§ **Work required**: Print, please, exactly the lines from the one with "Costa Rica Formation 2013" through the final line of the data below, with both ends included and the pictures left out.

§ **Data block**:
==================================================

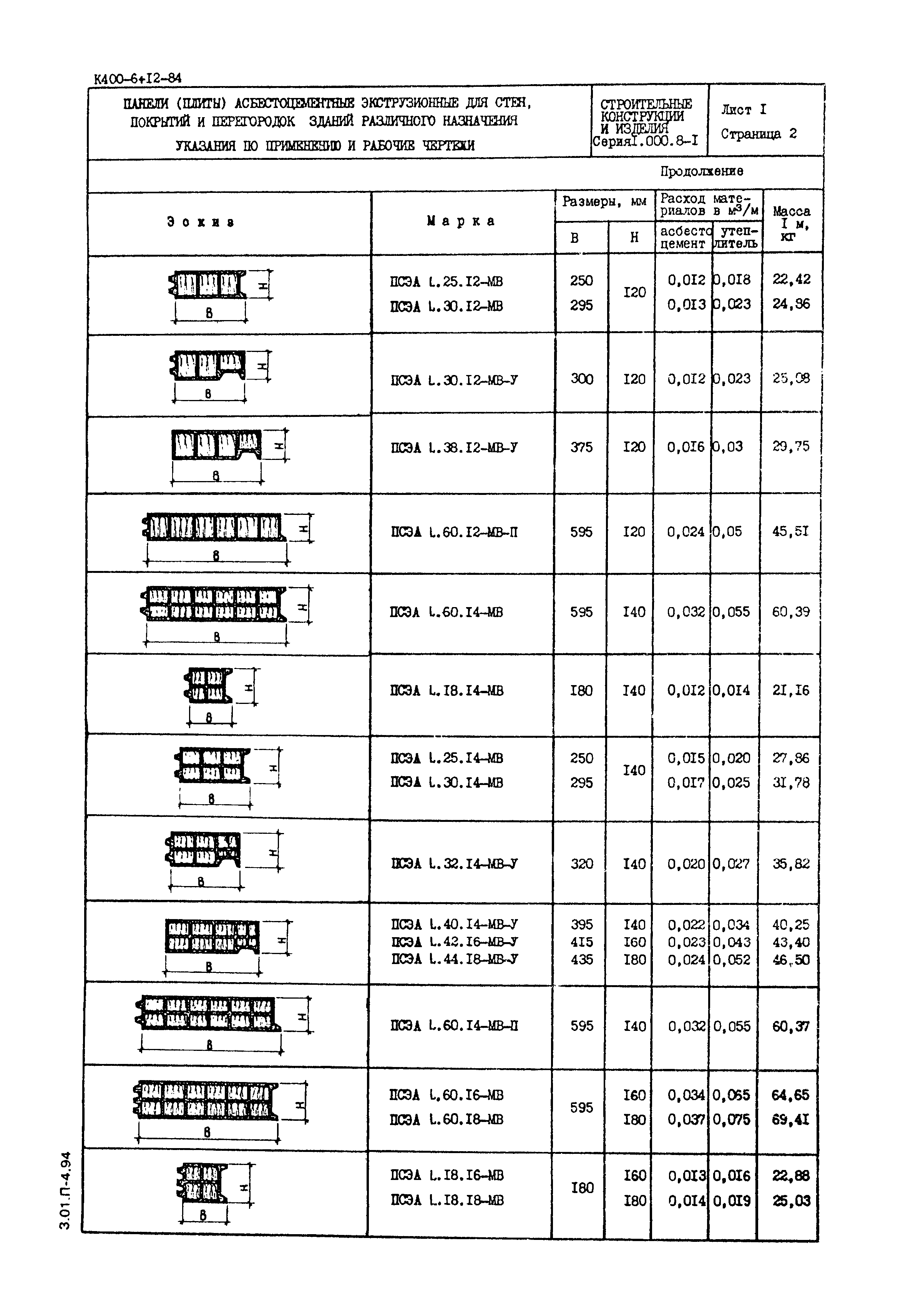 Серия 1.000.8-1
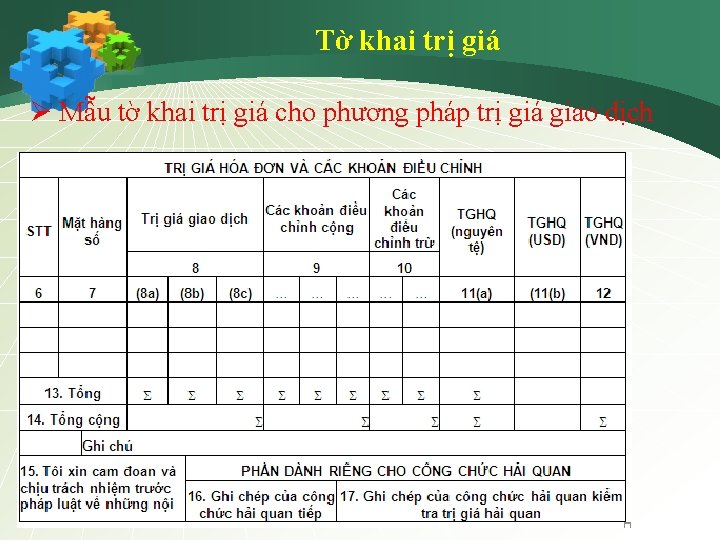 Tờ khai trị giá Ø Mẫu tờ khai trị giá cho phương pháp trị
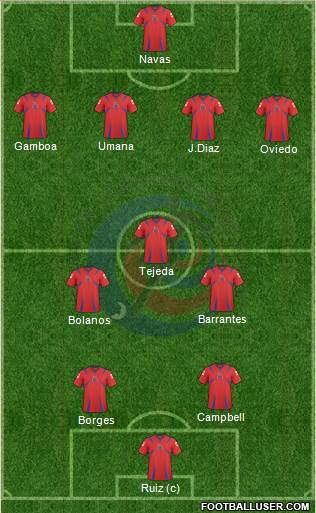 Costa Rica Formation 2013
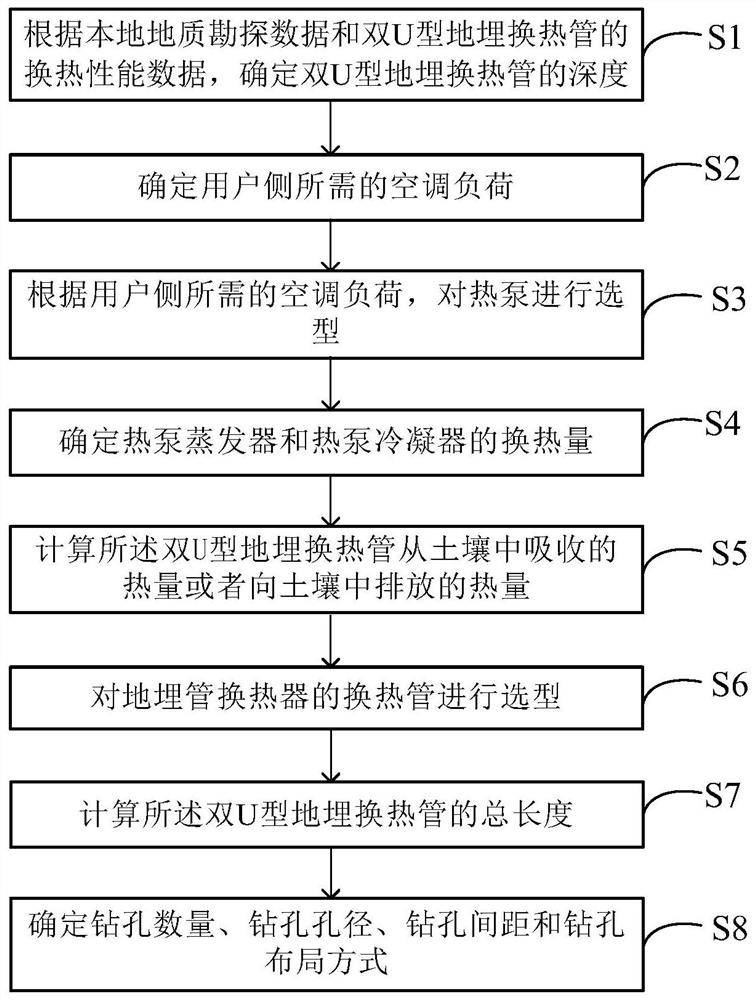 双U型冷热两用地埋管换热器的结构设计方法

==================================================

§ **Response to this task**:
 Costa Rica Formation 2013
 双U型冷热两用地埋管换热器的结构设计方法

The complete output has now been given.